WORK REQUIRED
Check each line of the records below for the string "https", then state how many lines contain it, with no other output.

DATA FOR THIS TASK
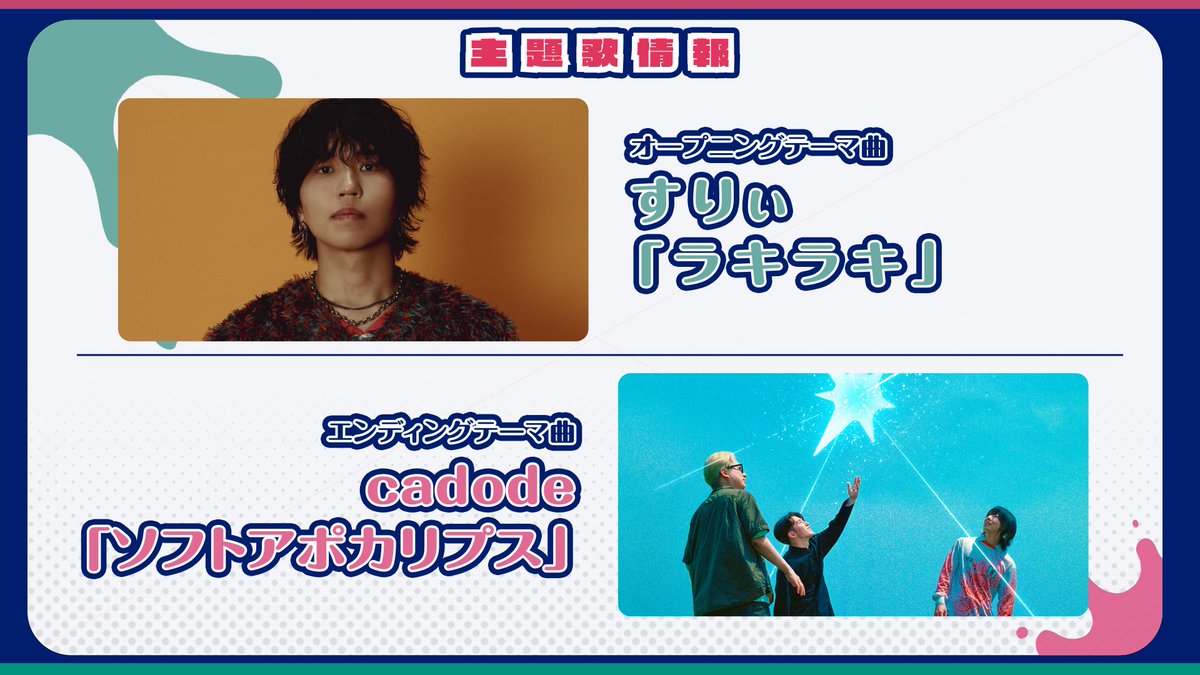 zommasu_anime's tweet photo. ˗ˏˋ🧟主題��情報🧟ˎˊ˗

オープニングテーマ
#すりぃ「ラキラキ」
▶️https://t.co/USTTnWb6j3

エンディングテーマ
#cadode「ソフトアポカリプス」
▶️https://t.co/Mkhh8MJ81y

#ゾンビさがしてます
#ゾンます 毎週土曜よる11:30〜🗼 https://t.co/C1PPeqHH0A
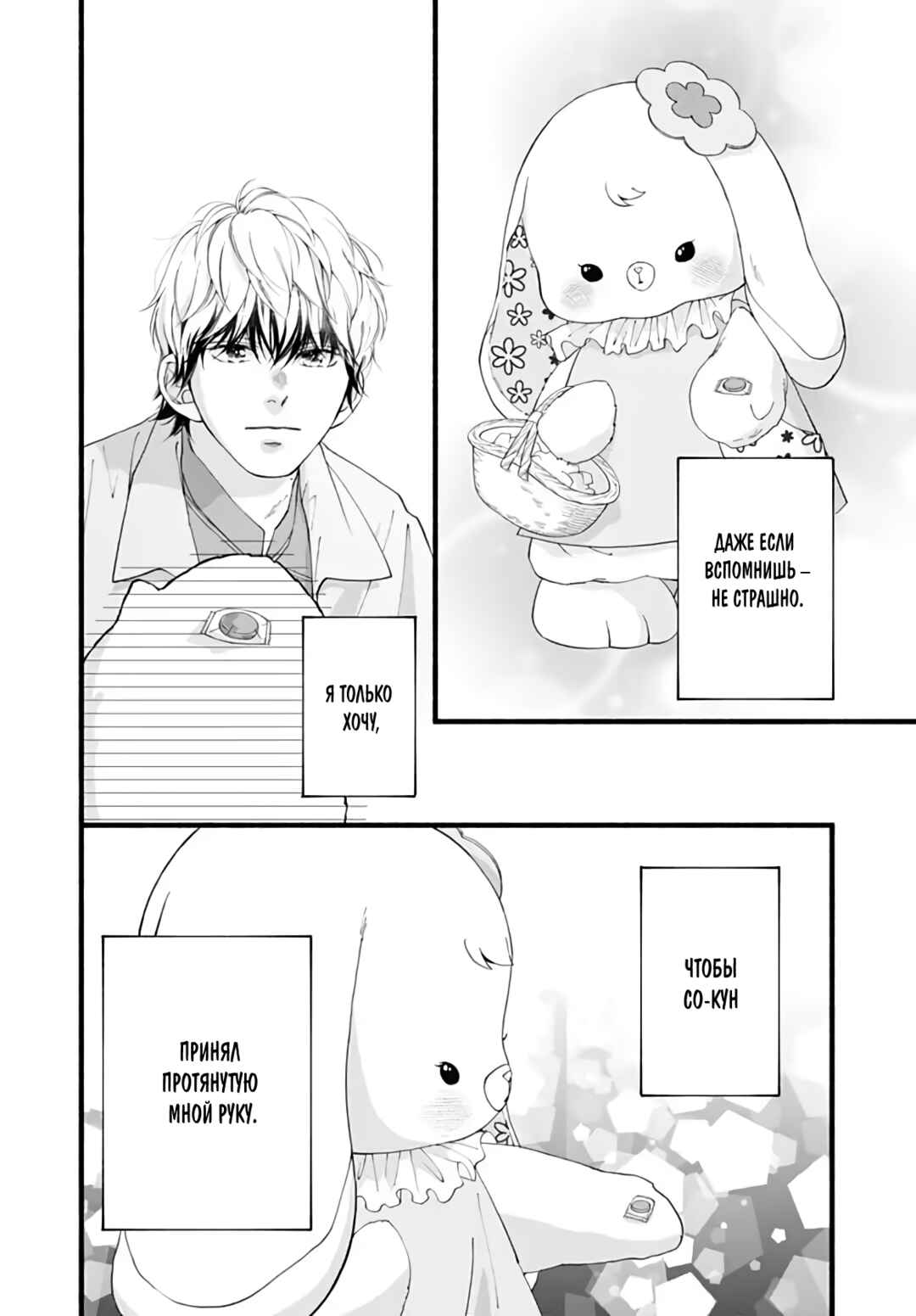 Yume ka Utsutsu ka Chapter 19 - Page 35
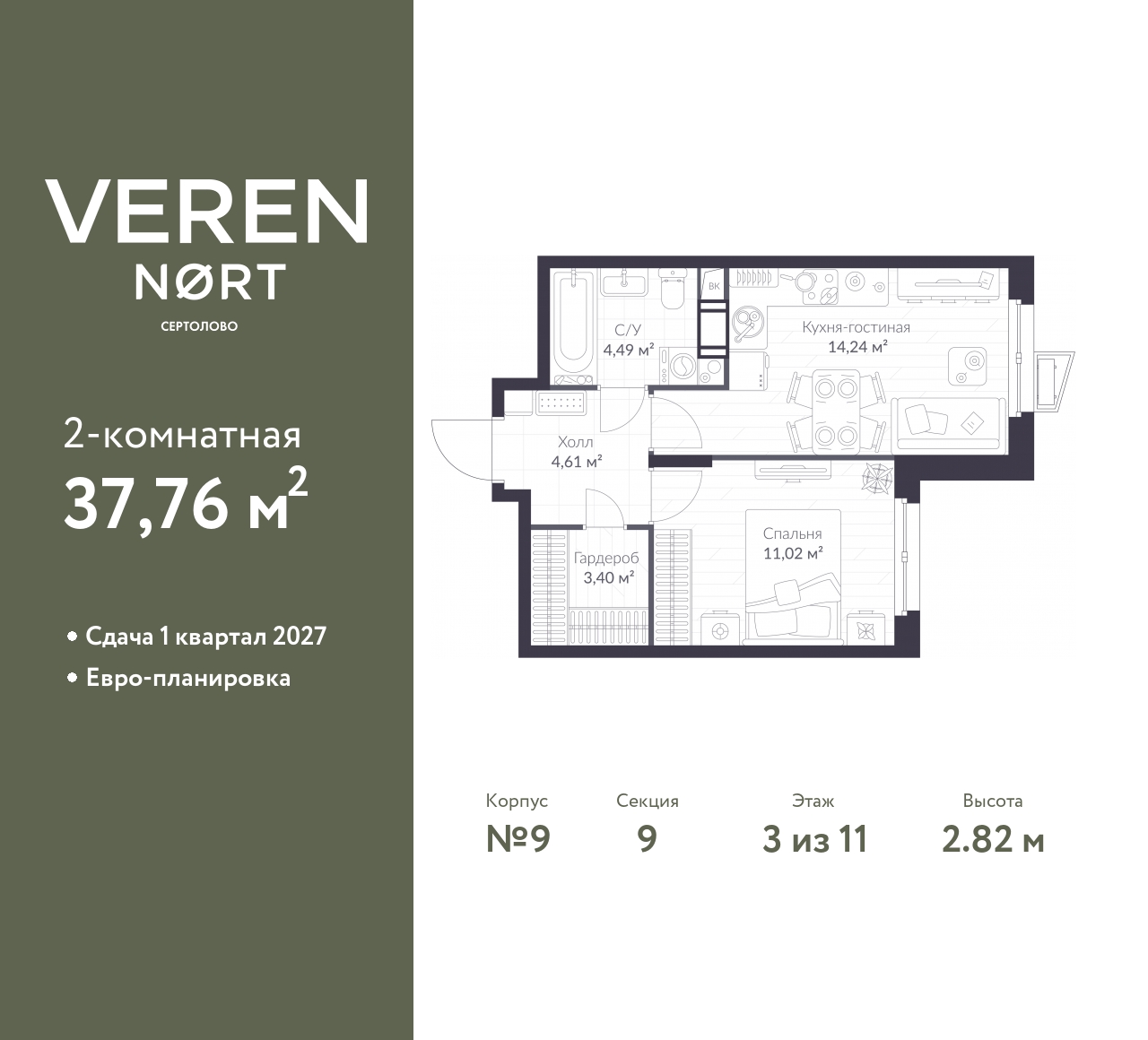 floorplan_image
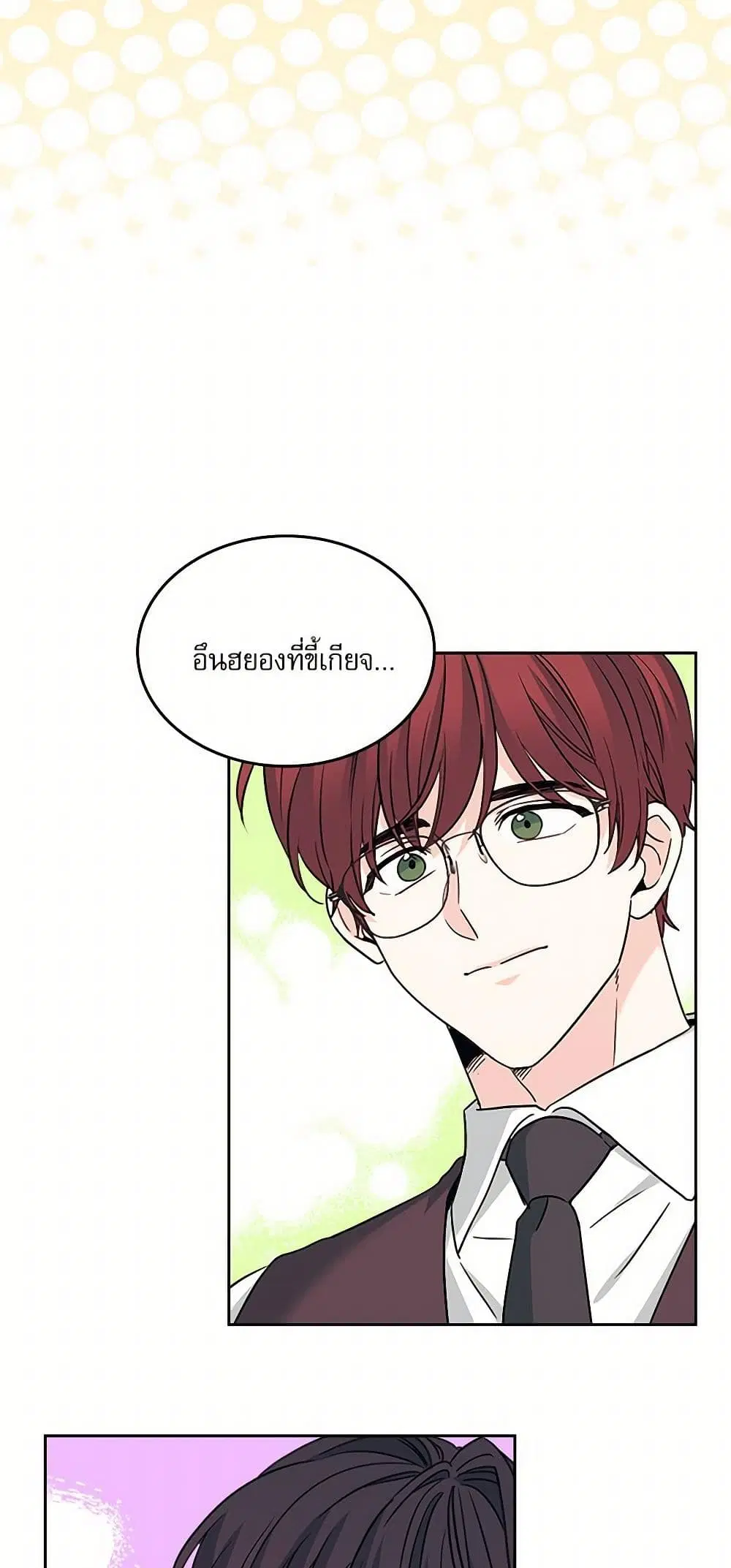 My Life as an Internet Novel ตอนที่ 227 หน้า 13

--

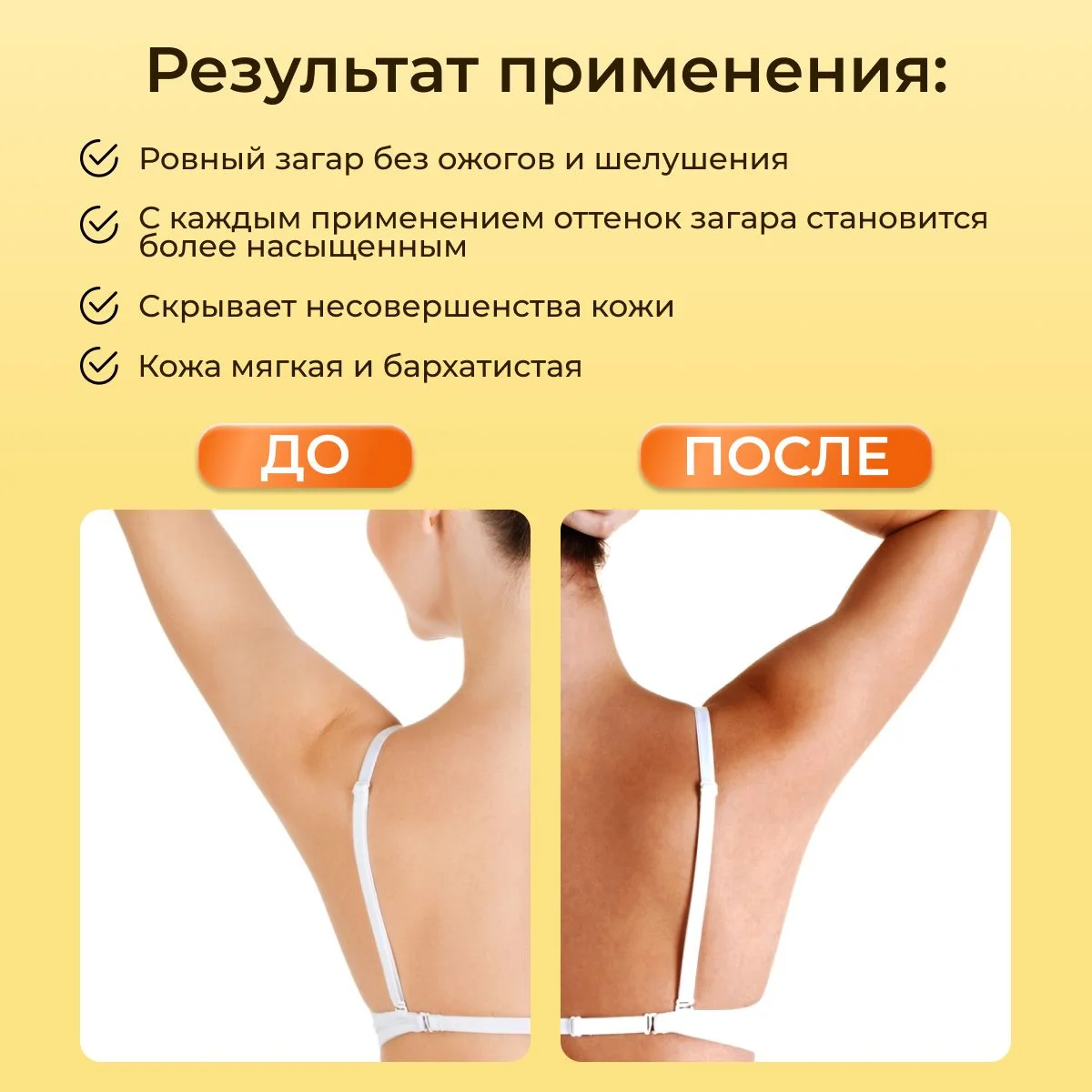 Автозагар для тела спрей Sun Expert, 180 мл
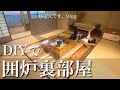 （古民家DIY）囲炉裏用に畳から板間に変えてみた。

SOLUTION TO THIS TASK
3